DIs oscilam perto da estabilidade na abertura

O mercado de juros futuros começa a sessão na expectativa pela agenda econômica da semana, com as taxas rondando os níveis dos ajustes na última sessão. Enquanto os vencimentos mais curtos estão praticamente estáveis, sem viés definido, os vértices mais longos exibem ligeira alta, em um movimento influenciado pelos ganhos do dólar ante o real e também pelo avanço do juro dos Treasuries. Entre os destaques desta semana, estão a decisão de política monetária do Federal Reserve, o Produto Interno Bruto (PIB) dos Estados Unidos no segundo trimestre e o relatório oficial de emprego em junho (payroll).

ANA LUÍSA WESTPHALEN, Agência Estado

28 de julho de 2014 | 10h21

Por volta das 9h25, o DI para janeiro de 2015 tinha taxa de 10,77%, na mínima e no mesmo nível do ajuste de sexta-feira; o DI para janeiro de 2017 estava em 11,26%, de 11,24% no ajuste anterior; e o DI para janeiro de 2021 projetava taxa de 11,55%, de 11,51% ao final da semana passada.

Em Nova York, os juros dos Treasuries operam em alta antes de leilões marcados para esta semana, de um total de US$ 100 bilhões de títulos do Tesouro dos EUA. Hoje, US$ 29 bilhões de papéis de dois ano serão vendidos, com resultado previsto para as 14 horas.
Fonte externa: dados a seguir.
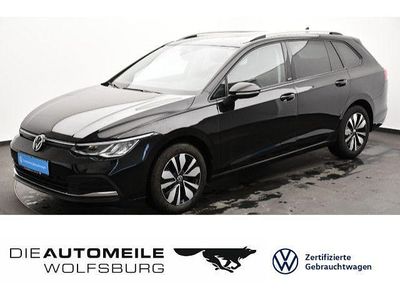 Usata VW Golf VIII Move 110 CV (80 kW) 2024 Nero Station wagon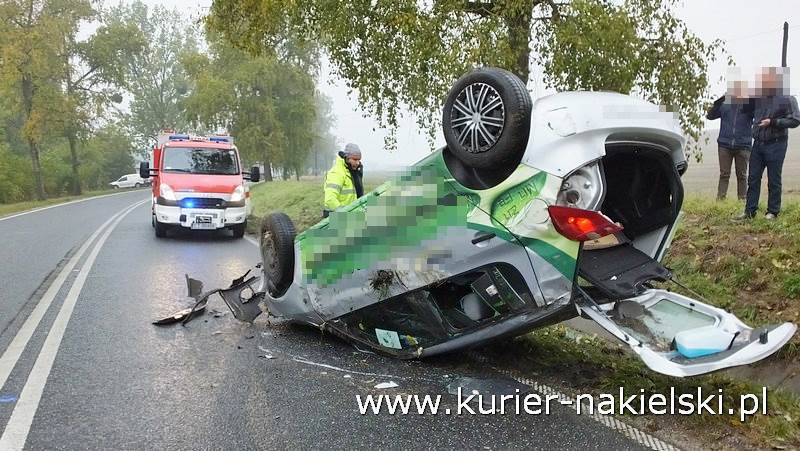 Dachowanie pomiędzy Wieszkami a Paterkiem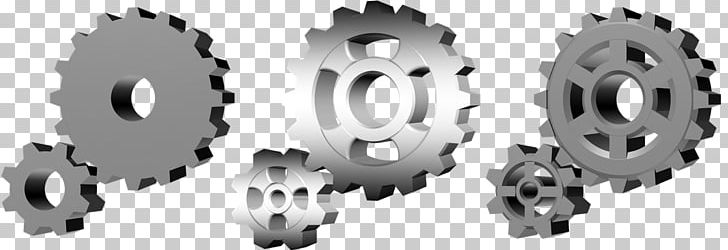 Gear Animation Motion Computer Icons PNG, Clipart, 3d Computer Graphics, Animate, Animation, Auto Part, Black And White Free PNG Download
Às 9h30, o juro da T-note de 2 anos subia levemente a 0,488% e da T-note de 10 anos avançava a 2,479%.

Outro fator que mantém os mercados na defensiva é a tensão no leste europeu, após a União Europeia (UE) estender as sanções impostas contra a Rússia e depois de os EUA mostrarem foguetes sendo disparados de território russo para a fronteira com a Ucrânia. Na Faixa de Gaza, Israel e Hamas passaram o fim de semana ensaiando um cessar-fogo, mas os ataques prosseguem na região, embora tenham diminuído após o Conselho de Segurança da Organização das Nações Unidas (ONU) clamar por um "imediato e incondicional cessar-fogo humanitário".

Nos mercados acionários internacionais, os índices futuros das bolsas de Nova York operam perto da estabilidade nesta manhã, com investidores na defensiva diante da agenda carregada desta semana nos EUA. Na Europa, as principais praças acionárias tentam se firmar no terreno positivo, mas hesitam em meio à cautela nos eixos geopolíticos no leste ucraniano e na Faixa de Gaza. Por aqui, o Ibovespa Futuro aponta para uma abertura no positivo, em alta de 0,31%, aos 58.400 pontos.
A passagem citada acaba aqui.